The problem »
From the listing that follows, reproduce only the lines from the one holding "Long linen shirt" through the one holding "lundin in Green", both included, with no pictures.
(Beginning of Input material)
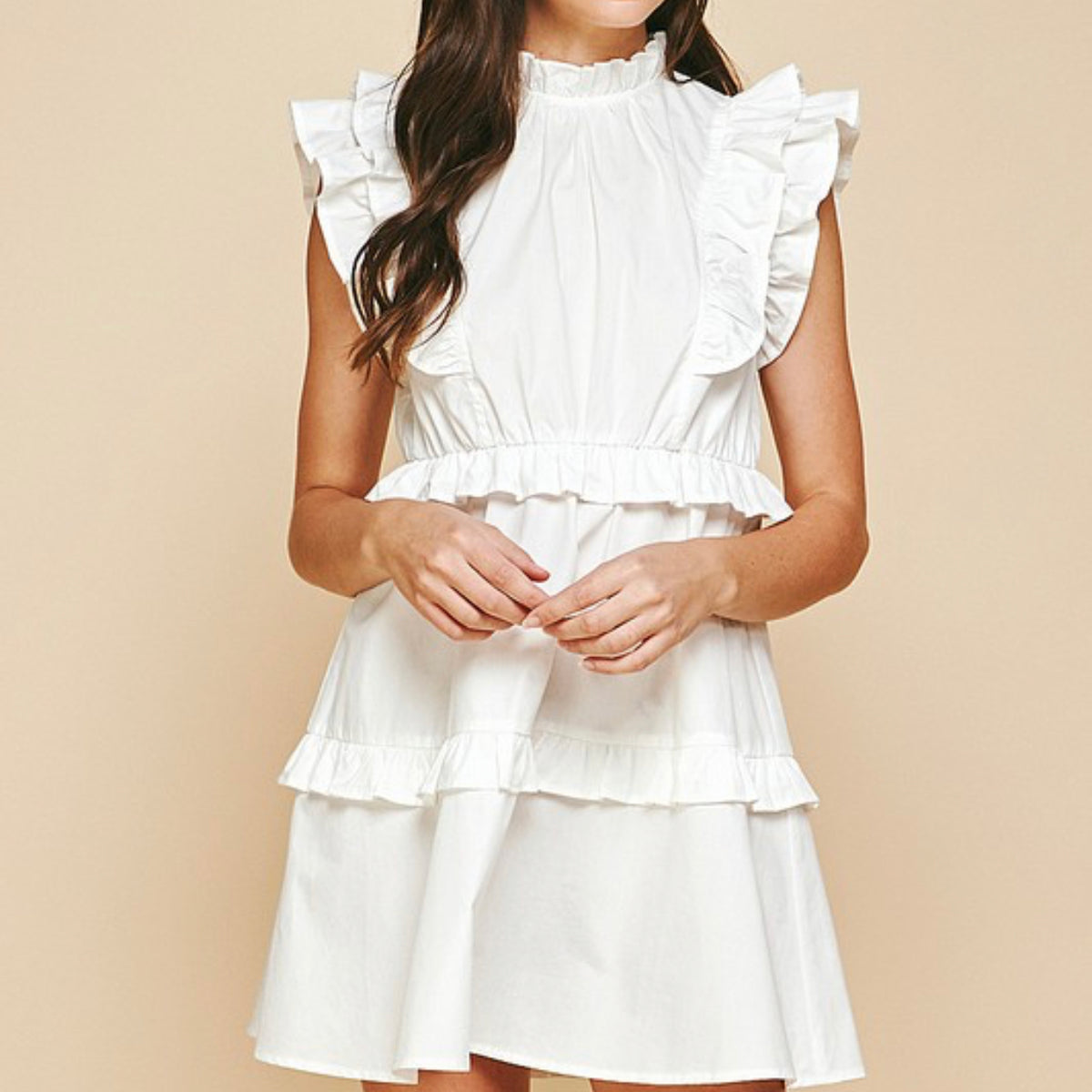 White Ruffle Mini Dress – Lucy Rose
(End of Input material)
(Beginning of Input material)
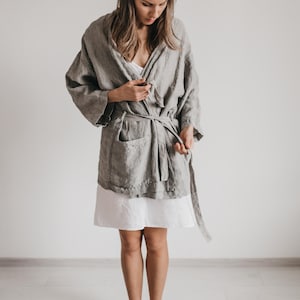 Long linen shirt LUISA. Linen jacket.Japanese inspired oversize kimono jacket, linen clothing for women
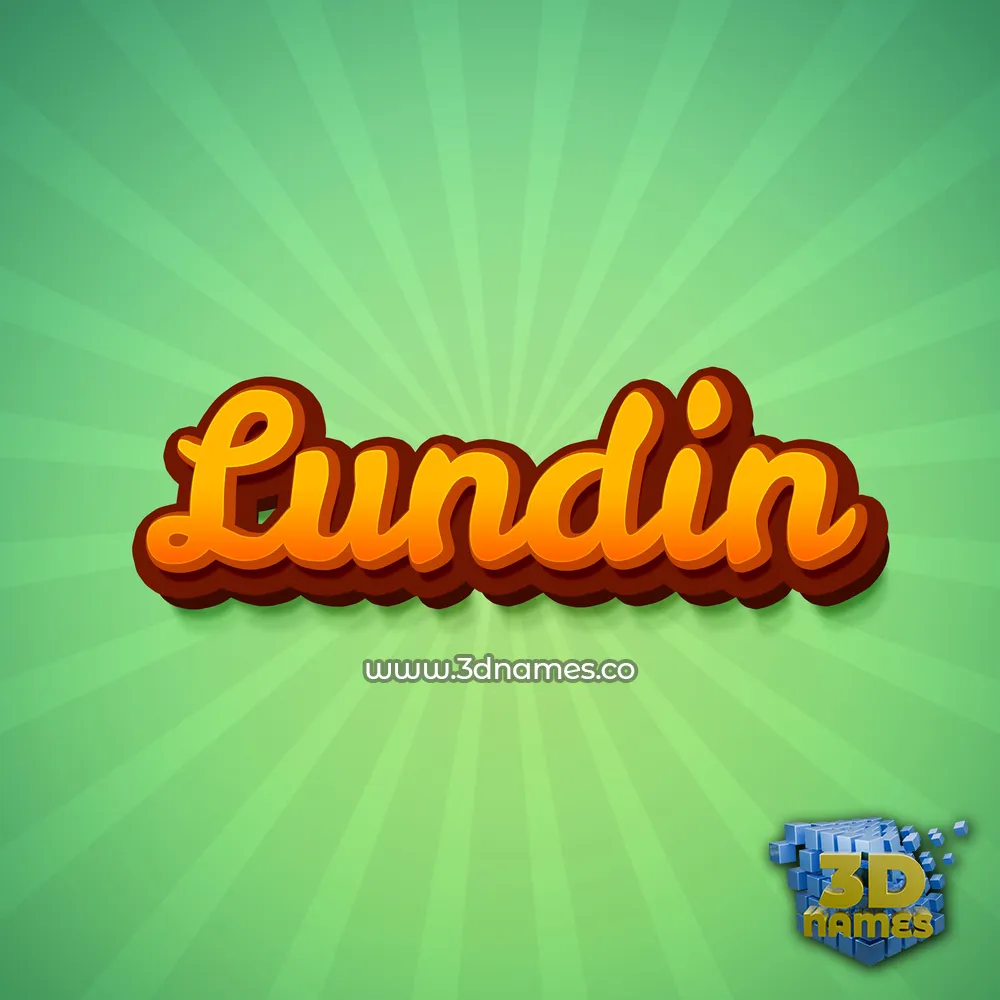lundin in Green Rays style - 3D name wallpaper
(End of Input material)
Answer to the exercise »
 Long linen shirt LUISA. Linen jacket.Japanese inspired oversize kimono jacket, linen clothing for women
lundin in Green Rays style - 3D name wallpaper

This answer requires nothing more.